> WORK REQUIRED
In the entries that follow, the line with "rolex datejust in" opens the range and the line with "Blooming Birds |" closes it; repeat that range exactly, both lines included.

··········

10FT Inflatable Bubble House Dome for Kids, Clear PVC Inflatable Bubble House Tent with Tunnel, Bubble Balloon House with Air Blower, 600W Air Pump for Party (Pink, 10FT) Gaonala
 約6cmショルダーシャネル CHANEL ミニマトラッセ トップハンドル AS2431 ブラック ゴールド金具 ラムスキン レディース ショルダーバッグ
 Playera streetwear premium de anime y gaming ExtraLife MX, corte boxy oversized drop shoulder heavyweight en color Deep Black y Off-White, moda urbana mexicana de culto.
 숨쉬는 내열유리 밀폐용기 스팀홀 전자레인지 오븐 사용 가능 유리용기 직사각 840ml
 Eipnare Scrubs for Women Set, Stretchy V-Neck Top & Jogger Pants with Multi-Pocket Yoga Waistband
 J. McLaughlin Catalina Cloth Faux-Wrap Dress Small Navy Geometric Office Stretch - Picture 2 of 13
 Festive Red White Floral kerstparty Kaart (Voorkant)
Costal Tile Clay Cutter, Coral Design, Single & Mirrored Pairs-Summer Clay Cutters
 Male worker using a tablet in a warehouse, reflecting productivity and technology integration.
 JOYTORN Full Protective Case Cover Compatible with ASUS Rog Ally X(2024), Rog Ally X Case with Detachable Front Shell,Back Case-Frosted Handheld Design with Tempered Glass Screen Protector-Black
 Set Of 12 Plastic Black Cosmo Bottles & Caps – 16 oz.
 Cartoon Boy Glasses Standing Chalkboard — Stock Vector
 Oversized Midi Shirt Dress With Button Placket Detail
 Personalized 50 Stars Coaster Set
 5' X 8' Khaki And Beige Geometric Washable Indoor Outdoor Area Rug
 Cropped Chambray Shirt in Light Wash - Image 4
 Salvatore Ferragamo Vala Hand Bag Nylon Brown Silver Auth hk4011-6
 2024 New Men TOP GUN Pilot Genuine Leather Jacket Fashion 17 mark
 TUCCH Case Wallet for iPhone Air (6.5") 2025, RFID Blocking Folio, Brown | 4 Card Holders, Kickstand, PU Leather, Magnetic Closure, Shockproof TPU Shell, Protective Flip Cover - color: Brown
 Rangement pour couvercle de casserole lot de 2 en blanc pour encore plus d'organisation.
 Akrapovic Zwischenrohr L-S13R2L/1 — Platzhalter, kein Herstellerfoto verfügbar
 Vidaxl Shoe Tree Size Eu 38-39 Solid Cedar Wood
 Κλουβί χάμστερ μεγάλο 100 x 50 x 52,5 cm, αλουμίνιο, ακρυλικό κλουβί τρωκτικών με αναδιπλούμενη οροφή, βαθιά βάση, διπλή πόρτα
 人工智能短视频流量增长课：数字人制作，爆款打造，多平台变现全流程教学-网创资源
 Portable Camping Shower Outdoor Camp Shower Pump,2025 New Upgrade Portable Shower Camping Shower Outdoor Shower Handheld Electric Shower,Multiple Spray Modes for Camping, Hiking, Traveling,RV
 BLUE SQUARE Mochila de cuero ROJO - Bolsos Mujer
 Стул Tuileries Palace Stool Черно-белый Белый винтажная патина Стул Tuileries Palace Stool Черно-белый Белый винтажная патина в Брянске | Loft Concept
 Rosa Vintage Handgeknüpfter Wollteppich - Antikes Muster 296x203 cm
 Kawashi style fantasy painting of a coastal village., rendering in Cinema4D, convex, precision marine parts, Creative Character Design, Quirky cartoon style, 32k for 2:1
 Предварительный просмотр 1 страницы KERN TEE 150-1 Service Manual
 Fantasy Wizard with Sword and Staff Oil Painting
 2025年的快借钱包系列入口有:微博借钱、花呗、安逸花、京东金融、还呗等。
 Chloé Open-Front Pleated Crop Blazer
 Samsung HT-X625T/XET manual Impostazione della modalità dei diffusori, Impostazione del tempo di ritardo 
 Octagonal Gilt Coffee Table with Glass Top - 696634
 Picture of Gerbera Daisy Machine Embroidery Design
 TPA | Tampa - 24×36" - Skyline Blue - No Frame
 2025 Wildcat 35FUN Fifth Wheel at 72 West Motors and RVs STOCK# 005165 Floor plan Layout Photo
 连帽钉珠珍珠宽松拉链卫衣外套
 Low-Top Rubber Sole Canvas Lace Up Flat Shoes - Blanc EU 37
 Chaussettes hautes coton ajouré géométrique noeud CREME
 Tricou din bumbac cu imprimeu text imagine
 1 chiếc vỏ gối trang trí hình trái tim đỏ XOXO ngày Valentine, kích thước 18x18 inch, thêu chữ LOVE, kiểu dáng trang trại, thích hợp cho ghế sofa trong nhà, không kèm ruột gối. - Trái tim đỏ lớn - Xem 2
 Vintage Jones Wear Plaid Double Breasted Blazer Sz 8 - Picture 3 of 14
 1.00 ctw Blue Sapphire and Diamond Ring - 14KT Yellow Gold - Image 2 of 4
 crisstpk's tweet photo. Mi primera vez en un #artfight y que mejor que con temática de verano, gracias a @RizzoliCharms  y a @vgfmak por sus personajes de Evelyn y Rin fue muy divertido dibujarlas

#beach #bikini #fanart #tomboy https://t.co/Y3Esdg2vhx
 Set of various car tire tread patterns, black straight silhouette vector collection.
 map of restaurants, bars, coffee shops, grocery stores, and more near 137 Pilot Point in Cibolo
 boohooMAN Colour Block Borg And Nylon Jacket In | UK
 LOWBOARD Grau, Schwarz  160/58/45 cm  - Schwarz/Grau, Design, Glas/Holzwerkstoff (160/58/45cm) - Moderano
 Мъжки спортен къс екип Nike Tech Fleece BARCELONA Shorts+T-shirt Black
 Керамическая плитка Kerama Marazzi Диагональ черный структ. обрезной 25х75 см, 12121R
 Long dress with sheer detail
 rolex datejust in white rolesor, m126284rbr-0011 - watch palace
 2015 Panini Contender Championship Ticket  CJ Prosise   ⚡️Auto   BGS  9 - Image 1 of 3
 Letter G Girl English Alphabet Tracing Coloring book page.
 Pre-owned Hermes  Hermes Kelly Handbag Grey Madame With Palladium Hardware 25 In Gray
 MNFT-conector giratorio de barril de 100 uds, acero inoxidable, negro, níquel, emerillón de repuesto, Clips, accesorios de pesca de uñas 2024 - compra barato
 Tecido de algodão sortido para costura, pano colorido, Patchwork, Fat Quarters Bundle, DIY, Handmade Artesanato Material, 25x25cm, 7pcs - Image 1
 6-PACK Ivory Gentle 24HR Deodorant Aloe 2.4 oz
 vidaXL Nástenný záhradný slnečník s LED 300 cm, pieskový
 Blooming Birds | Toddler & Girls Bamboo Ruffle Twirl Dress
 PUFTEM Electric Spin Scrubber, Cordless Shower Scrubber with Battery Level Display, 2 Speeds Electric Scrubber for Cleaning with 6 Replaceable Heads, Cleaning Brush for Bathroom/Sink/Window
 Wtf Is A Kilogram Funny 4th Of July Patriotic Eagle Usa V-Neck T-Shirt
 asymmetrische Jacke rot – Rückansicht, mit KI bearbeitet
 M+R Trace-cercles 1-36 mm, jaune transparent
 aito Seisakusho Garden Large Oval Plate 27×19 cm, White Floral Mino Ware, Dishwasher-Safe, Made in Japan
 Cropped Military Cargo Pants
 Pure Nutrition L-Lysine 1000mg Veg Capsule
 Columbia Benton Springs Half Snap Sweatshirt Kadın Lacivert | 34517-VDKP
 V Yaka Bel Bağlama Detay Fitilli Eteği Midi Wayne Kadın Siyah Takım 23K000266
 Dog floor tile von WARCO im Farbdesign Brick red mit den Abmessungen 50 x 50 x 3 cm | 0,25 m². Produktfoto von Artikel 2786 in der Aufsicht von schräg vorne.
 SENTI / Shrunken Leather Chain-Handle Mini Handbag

··········

> TASK ANSWER
 rolex datejust in white rolesor, m126284rbr-0011 - watch palace
 2015 Panini Contender Championship Ticket  CJ Prosise   ⚡️Auto   BGS  9 - Image 1 of 3
 Letter G Girl English Alphabet Tracing Coloring book page.
 Pre-owned Hermes  Hermes Kelly Handbag Grey Madame With Palladium Hardware 25 In Gray
 MNFT-conector giratorio de barril de 100 uds, acero inoxidable, negro, níquel, emerillón de repuesto, Clips, accesorios de pesca de uñas 2024 - compra barato
 Tecido de algodão sortido para costura, pano colorido, Patchwork, Fat Quarters Bundle, DIY, Handmade Artesanato Material, 25x25cm, 7pcs - Image 1
 6-PACK Ivory Gentle 24HR Deodorant Aloe 2.4 oz
 vidaXL Nástenný záhradný slnečník s LED 300 cm, pieskový
 Blooming Birds | Toddler & Girls Bamboo Ruffle Twirl Dress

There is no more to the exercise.